YOUR ASSIGNMENT: All of the entries should be returned without a single change.

THE INPUT:

- - - - - - -

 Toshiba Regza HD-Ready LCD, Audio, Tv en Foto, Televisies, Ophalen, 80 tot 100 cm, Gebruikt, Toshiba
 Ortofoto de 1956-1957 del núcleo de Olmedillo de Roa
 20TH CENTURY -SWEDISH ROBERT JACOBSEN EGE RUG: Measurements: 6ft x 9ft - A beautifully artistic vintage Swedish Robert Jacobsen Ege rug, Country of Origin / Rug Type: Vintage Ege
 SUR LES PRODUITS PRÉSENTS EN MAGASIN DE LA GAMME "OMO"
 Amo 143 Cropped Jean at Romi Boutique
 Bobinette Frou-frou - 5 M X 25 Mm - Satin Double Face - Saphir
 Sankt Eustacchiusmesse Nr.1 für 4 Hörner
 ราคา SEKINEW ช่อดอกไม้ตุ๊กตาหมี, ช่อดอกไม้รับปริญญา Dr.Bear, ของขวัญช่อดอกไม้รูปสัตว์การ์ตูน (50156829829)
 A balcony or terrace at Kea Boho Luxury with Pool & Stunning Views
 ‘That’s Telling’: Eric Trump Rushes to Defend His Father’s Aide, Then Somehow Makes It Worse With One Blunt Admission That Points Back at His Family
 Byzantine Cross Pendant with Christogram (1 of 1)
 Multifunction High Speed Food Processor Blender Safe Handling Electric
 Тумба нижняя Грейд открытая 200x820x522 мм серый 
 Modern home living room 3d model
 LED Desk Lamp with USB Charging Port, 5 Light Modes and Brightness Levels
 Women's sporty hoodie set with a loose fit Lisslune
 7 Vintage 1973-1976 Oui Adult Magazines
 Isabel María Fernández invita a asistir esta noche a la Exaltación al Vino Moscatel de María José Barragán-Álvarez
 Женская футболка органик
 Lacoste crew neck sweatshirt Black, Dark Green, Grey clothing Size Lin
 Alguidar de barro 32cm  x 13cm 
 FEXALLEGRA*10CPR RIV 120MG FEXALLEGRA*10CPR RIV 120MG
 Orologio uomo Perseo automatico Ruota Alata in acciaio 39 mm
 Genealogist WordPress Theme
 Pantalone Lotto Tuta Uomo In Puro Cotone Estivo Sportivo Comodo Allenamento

- - - - - - -

RESPONSE TO THE TASK:
 Toshiba Regza HD-Ready LCD, Audio, Tv en Foto, Televisies, Ophalen, 80 tot 100 cm, Gebruikt, Toshiba
 Ortofoto de 1956-1957 del núcleo de Olmedillo de Roa
 20TH CENTURY -SWEDISH ROBERT JACOBSEN EGE RUG: Measurements: 6ft x 9ft - A beautifully artistic vintage Swedish Robert Jacobsen Ege rug, Country of Origin / Rug Type: Vintage Ege
 SUR LES PRODUITS PRÉSENTS EN MAGASIN DE LA GAMME "OMO"
 Amo 143 Cropped Jean at Romi Boutique
 Bobinette Frou-frou - 5 M X 25 Mm - Satin Double Face - Saphir
 Sankt Eustacchiusmesse Nr.1 für 4 Hörner
 ราคา SEKINEW ช่อดอกไม้ตุ๊กตาหมี, ช่อดอกไม้รับปริญญา Dr.Bear, ของขวัญช่อดอกไม้รูปสัตว์การ์ตูน (50156829829)
 A balcony or terrace at Kea Boho Luxury with Pool & Stunning Views
 ‘That’s Telling’: Eric Trump Rushes to Defend His Father’s Aide, Then Somehow Makes It Worse With One Blunt Admission That Points Back at His Family
 Byzantine Cross Pendant with Christogram (1 of 1)
 Multifunction High Speed Food Processor Blender Safe Handling Electric
 Тумба нижняя Грейд открытая 200x820x522 мм серый 
 Modern home living room 3d model
 LED Desk Lamp with USB Charging Port, 5 Light Modes and Brightness Levels
 Women's sporty hoodie set with a loose fit Lisslune
 7 Vintage 1973-1976 Oui Adult Magazines
 Isabel María Fernández invita a asistir esta noche a la Exaltación al Vino Moscatel de María José Barragán-Álvarez
 Женская футболка органик
 Lacoste crew neck sweatshirt Black, Dark Green, Grey clothing Size Lin
 Alguidar de barro 32cm  x 13cm 
 FEXALLEGRA*10CPR RIV 120MG FEXALLEGRA*10CPR RIV 120MG
 Orologio uomo Perseo automatico Ruota Alata in acciaio 39 mm
 Genealogist WordPress Theme
 Pantalone Lotto Tuta Uomo In Puro Cotone Estivo Sportivo Comodo Allenamento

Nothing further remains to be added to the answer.